An Interpreter for Ael

Time to write an interpreter.

Organizing an Interpreter

An interpreter runs code.

If you have machine code, your CPU is your interpreter. Sometimes people design abstract machines with very low-level code with simple, precise, “instructions” that, while more powerful than processor instructions, are super simple to write interpreters for.

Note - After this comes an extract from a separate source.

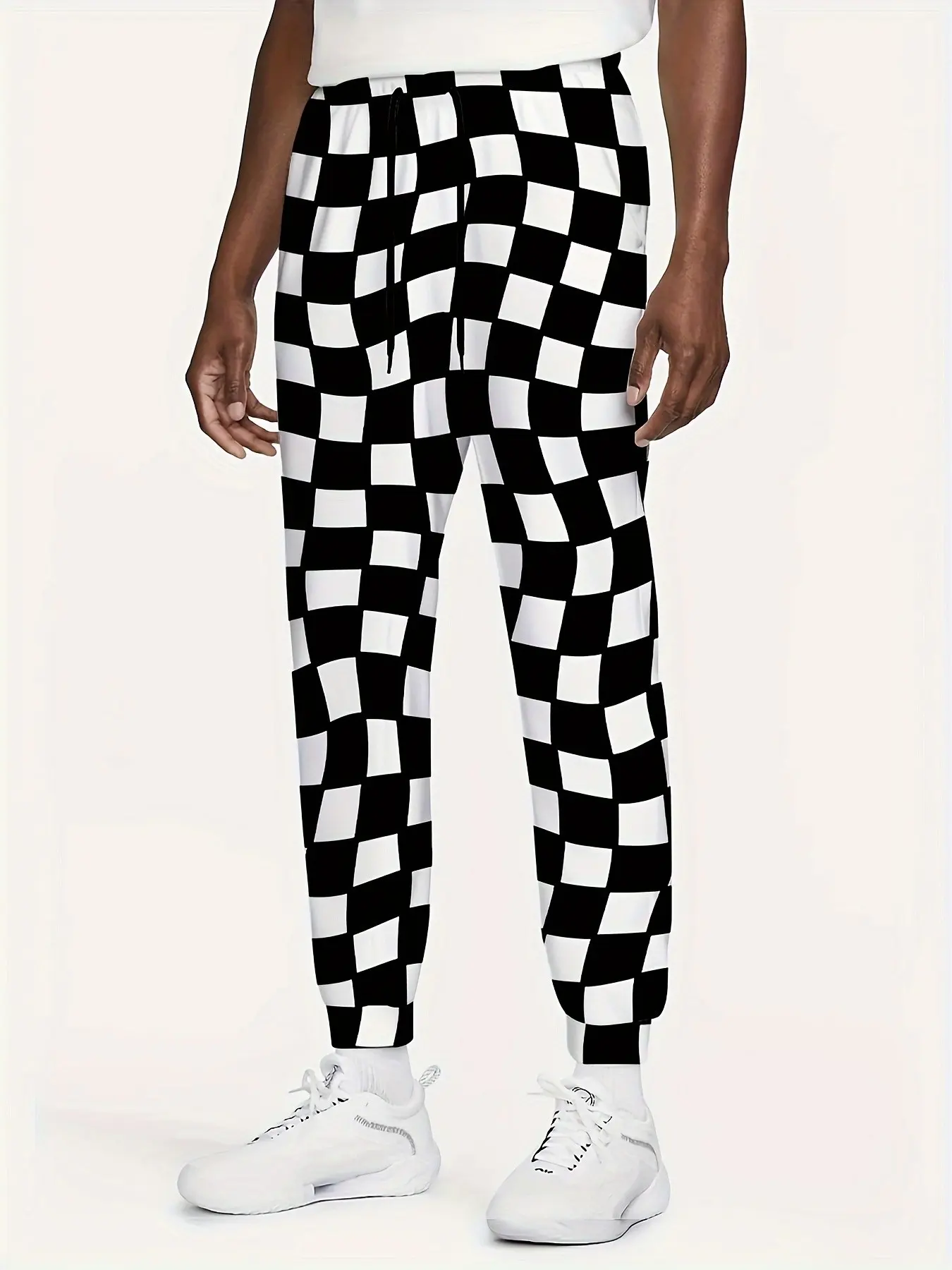 American High Street Checkered Cargo Pants, Retro Plaid Trendy Men's Casual Sports Jogger, Fall Loose-Fitting All over Print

But what about writing interpreters for higher-level languages? One way is to:

write a front-end to produce the AST, then
write a back-end to produce (abstract or real) machine code from the AST, then
interpret the low-level code.

For very simple languages, you can also just interpret the AST directly. in other words:

write a front-end to produce the AST, then
interpret the AST.

If your language is really, really simple, you can:

Run the code while you parse.

Now we could write a front-end entirely by hand, and there are good pedagogical reasons for doing so! But we don’t have unlimited time, so we are going to use Ohm, which provides a way to generate the trees that we can interpret directly. I know right...that’s pretty amazing.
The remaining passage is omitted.